It has been 10 years since the Manam volcanic eruption abruptly forced more than 15, 000 islanders to move to Madang province’s mainland.
Many of the families, still living in care centres, have been left destitute with very little fertile land to grow food and little means of generating income.
For 10 years, both the national and provincial governments have ignored the plight of islanders, making no firm decision on their resettlement.
Gabriel Kabarapun is a displaced Manam Islander who has been living in the Asarumba care centre. He built his house in 2004 when they were evacuated during the volcanic eruption and has since changed the sago palm thatch on his roof only once.
Asarumba, like the other Manam care centres, is located on old mission plantations. Building materials are scarce and the islanders are not always allowed to get sago thatch and wood from the traditional land that belongs to the Bogia people.

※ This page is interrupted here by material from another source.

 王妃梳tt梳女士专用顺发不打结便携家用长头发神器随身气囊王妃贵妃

“I can’t get materials to build a new house,” he says. “The posts are slowly rotting, the walls are falling apart. The owners of the land don’t allow us to use their land to get wood or roofing.”
Because of the scarcity of land and limited resources, it has become increasingly common to find two families sharing one house.

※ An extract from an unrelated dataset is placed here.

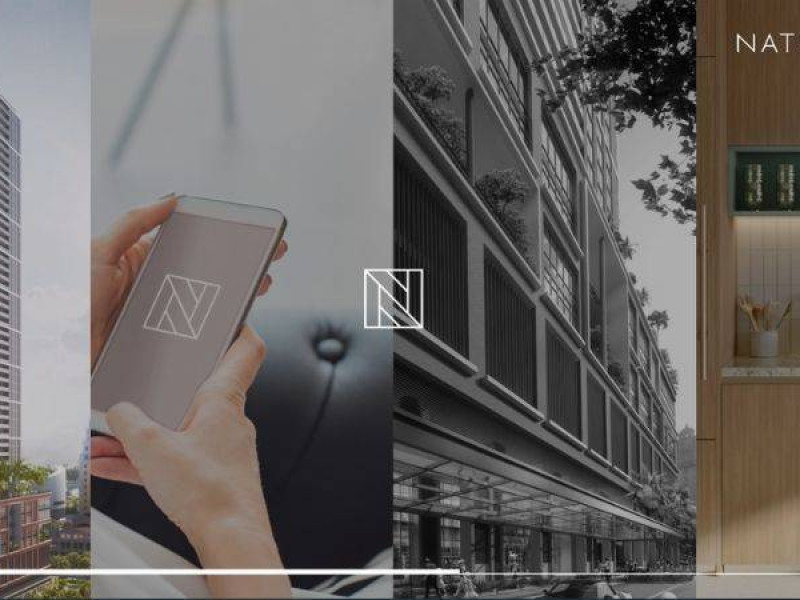 real estate website design - Natiivo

Gabriel shares a house with his nephew. Both men have large families and the house cannot fit them all. This means some family members have use the veranda as sleeping quarters after evening meals.
In 2004, Gabriel and more than 15, 000 people were forced to leave their Island home after the Manam volcano suddenly erupted.
They were placed on the old plantations with an understanding that a long-term solution would be found.
Initially, tons of relief supplies and millions of kina came from both local and international sources. But as donor agencies left one by one, the Manam islanders slipped off of the list of government priorities and were eventually forgotten.
“We are a forgotten people,” says former local level government councillor, Charles Yanda. “If the government can look at foreign asylum seekers, why not pay attention to our needs? We’re Papua New Guineans and we’ve been here for 10 years.”
While there has been much talk about a permanent solution for displaced Manam Islanders, much of it has been political talk with no action on the ground. This is one of the biggest frustrations for Yanda.
“I’ve lost confidence in the government,” says Bogia landowner, Francis Suku. They keep telling us that this issue will be resolved. I’ve seen very little.”
The Manam population in care centres has more than doubled since the evacuation. There are now an estimated 30, 000 people scattered along the Bogia coast, with remnants of village communities on the sheltered part of the island.
The relationship between the islanders and the people along the Bogia coast has not been smooth. Over the years, clashes between Manam and Bogia peoples have resulted in deaths and injuries.
As another decade approaches, the Manams still remain in care centres without a permanent solution. Both the national and provincial governments have not articulated what will become of them.